# Data in this exercise
* * *

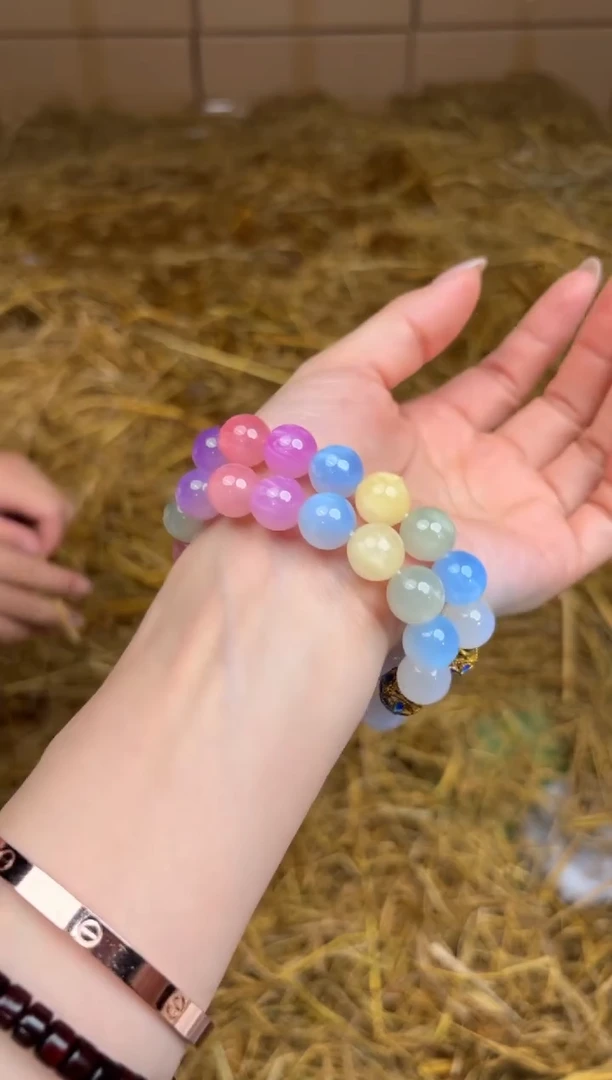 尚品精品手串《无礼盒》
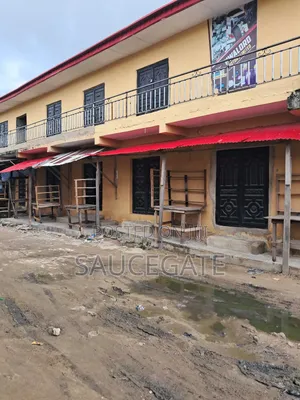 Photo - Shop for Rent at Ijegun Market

* * *

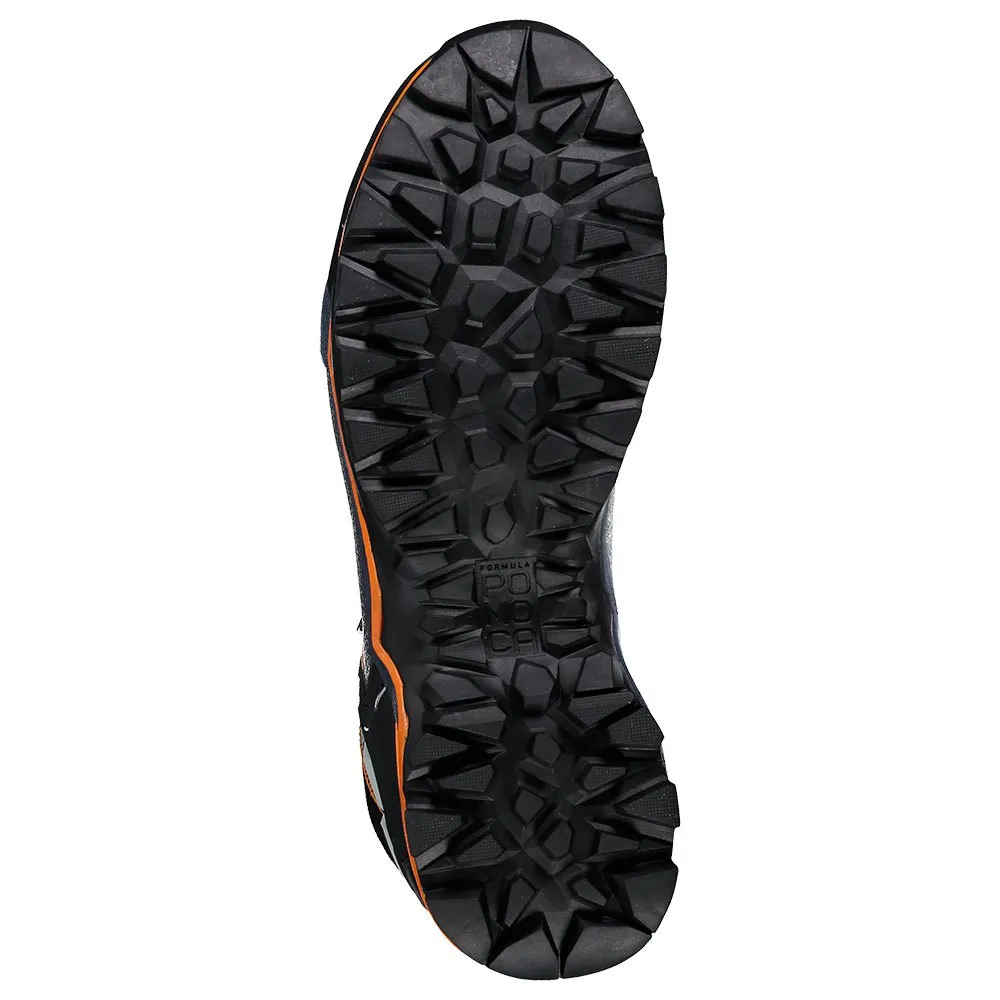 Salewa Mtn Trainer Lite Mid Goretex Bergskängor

* * *

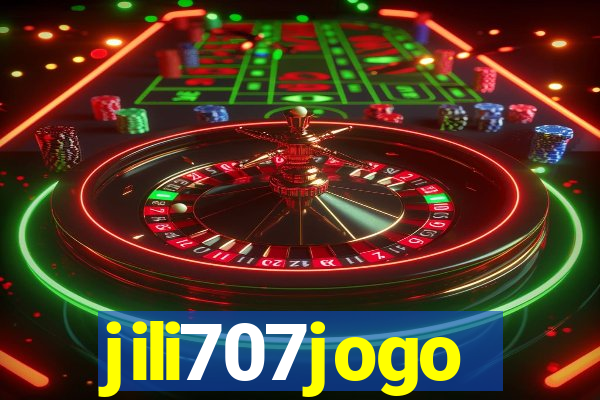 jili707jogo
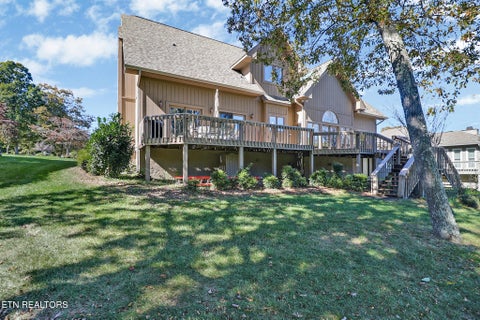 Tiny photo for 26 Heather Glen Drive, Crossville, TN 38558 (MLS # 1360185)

* * *

# Work order
Take only the lines above from the one that has "jili707jogo" through the one that has "Tiny photo for" and reproduce them exactly, omitting any pictures.

# Solved problem
 jili707jogo
 Tiny photo for 26 Heather Glen Drive, Crossville, TN 38558 (MLS # 1360185)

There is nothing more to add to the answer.